ASSIGNED TASK
Print out the data precisely as it appears here, with no pictures.

DATASET EXTRACT
━━━━

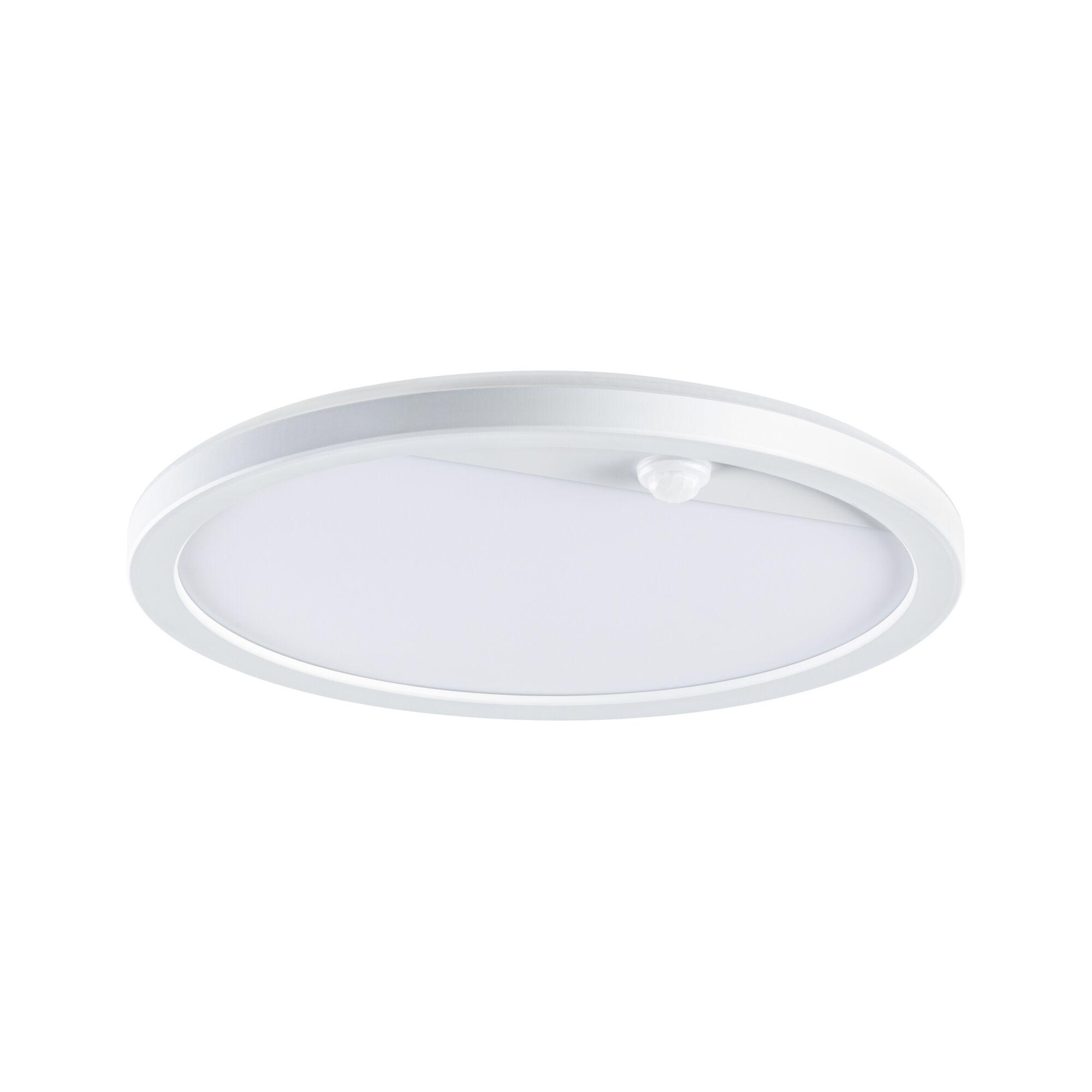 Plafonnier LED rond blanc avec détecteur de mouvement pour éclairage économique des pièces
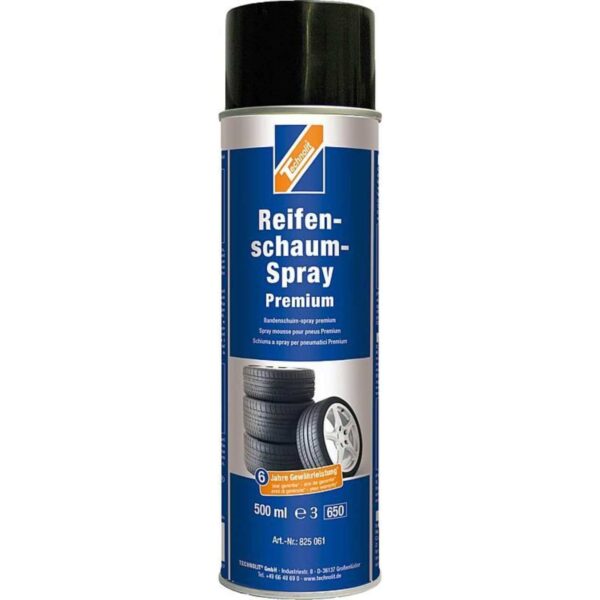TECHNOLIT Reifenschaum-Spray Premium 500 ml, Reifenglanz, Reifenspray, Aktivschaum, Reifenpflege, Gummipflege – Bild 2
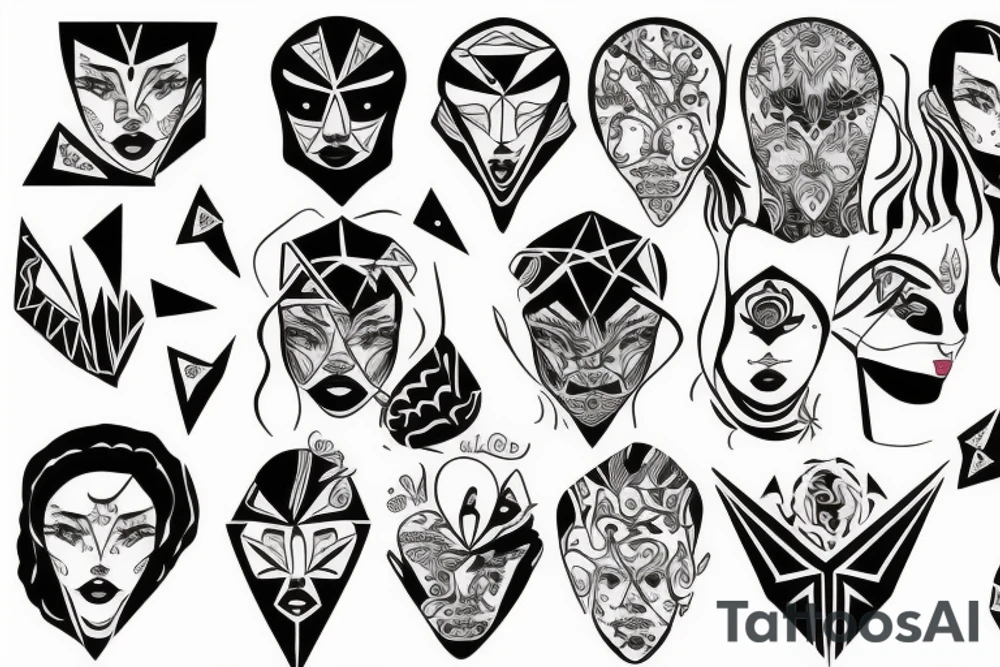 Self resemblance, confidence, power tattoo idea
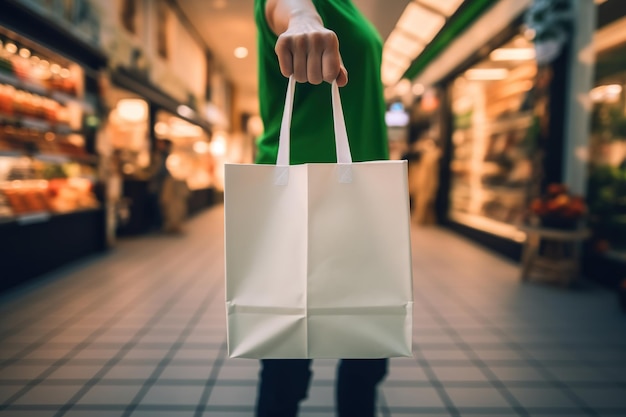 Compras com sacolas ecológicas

━━━━

YOUR SOLUTION
 Plafonnier LED rond blanc avec détecteur de mouvement pour éclairage économique des pièces
TECHNOLIT Reifenschaum-Spray Premium 500 ml, Reifenglanz, Reifenspray, Aktivschaum, Reifenpflege, Gummipflege – Bild 2
 Self resemblance, confidence, power tattoo idea
 Compras com sacolas ecológicas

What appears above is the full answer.